When the sun rose he was still thinking about the sort of residence a successful young executive might set up in Barkut if that land were as uninhabited as the bald-headed man had suggested in the shishkebab restaurant. But about him there was no sign of any sort of civilization. The bakhil glided smoothly over waves that were neither high nor negligible. The sea was of an improbable but fascinating color. The sky was lapis lazuli, and the bakhil was sheer archaic clumsiness. The heavy, bending boom which carried her mainsail seemed about to crack with the burden of patched canvas and wind which strained it. The crew was as unsavory a gang of cutthroats as ever a director sought in vain for a motion picture. There was not a man who did not carry a knife in plain view, and few who had not been liberally scarred by the knives of others. The captain’s face looked very like a rough sketch for a crossword puzzle blank.
None spoke a word to Tony. All glowered when he met their eyes. The bakhil sailed on a course Tony could not determine, toward a destination he could not guess—except that it surely was not Barkut—and there was apparently no soul on board but himself who spoke English or had any feeling but that of murderous antipathy toward him.
He flipped the golden ten-dirhim piece and felt exceeding peace fill all his being. Crew members saw the glint of gold in the sunshine. If Tony moved from the rail and one of them could get behind him, the result would be final. If he dozed, he would wake in another world, but not very likely Barkut. His life hung upon the fact that he had a revolver, and that it might cost lives to kill him. He waited contentedly all through the baking-hot day for nightfall, quite well aware that with the darkness plans would take effect to abate the nuisance of his living presence.

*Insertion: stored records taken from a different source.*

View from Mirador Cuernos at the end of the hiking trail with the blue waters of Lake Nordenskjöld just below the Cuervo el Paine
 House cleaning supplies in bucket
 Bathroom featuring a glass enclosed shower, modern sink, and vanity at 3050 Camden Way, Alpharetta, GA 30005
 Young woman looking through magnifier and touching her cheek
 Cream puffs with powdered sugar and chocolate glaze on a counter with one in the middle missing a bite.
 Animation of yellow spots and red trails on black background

Came the sunset. Glorious reds and golds. The surface of the sea looked like molten aureate metal. The whiskered villains of the bakhil ’s crew prostrated themselves in pious prayer unto Allah, and then began low-toned discussions over the most practical way of inserting some six or seven inches of steel into Tony’s liver.
He beamed. He was alive. This was life and zest and adventure such as he had never known or dreamed of before. His conscience was despairingly silent. Tony would not have changed places with anyone on earth.
* * *
The sun sank below the horizon. Darkness seemed to flow over the world from the horizon on every hand. Obscurity blotted out the edge of the world, and shadows appeared and grew opaque upon the bakhil ’s deck, and Suhail, the great star, shone brightly in a dimming sky. Then it was night.
Men gathered forward. And Tony tossed overboard his twentieth cigarette of the day, and heard it hiss briefly as it touched the water. He moved briskly, silently.
The helmsman closed his eyes and sank to the deck. Darkness hid his sorrow. He had been the victim of a scientific gun-whipping learned by Tony in a neighborhood movie palace on Amsterdam Avenue, while watching Randolph Scott in the role of a frontier marshal. Tony re-pocketed the revolver, hauled the trailing small boat close under the bakhil ’s stern; then he pushed the great tiller hard over. The lubberly bakhil came heavily up into the wind and hung there. Its lateen sail flapped crazily. The ship careened, the massive boom swung over and increased its heel, and then the bakhil seemed simply to shiver irresolutely, dead in the water, all way gone.
Tony slipped over the stern into the small boat. He took to the oars as a displeased outcry arose on deck. He pulled off into the darkness. He had no idea where he might be, save that he was roughly twenty hours slow sail from Suakim. He might be anywhere along the African eastern coast, or along either of two shores of Arabia. The essential thing was to get away from the bakhil where his murder was at the moment being loudly promised.